HH: Well, it also strikes me as a little bit as I was saying, the United States could not have perservered after the evacuation of Washington of New York. Yes, there are defeats, and there are bad times. But unless they want to throw in the towel, the spectacle of Peter Galbraith particularly, and 180ers, generally, wanting to throw in the towel for people who’ve sacrificed so much is wrong.

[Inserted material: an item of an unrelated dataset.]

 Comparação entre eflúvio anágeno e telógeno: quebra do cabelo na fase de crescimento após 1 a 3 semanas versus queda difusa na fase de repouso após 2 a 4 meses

CH: Well, it isn’t…for Peter, it’s certainly not 180. In point of General Washington’s retreat to Trenton and so forth, I mean, to make the analogy correct, you’d have to assume, say, that only the English speaking inhabitants of the colonies, and only…by the way, it was only a small majority of them, and none of the Germans supported independence. And there was this tremendous division between Catholics and Protestants, so that’s in fact, only one half of them signed, as far as I know, the Declaration of Independence, and gentlemen from Baltimore. And that there were…as it happened, the leadership was mainly deist, the population was largely Protestant at one time. The most difficult religious minority were the Quakers, who continued to keep owning…

HH: Oh, but there were slave owners and abolitionists. John Adams was there with Jefferson, and you cannot overlook the deepness of that divide, Christopher Hitchens. By the way, your Eminent Lives series to which you contribute, you cover this ground, but there were deep, deep divisions in the early states.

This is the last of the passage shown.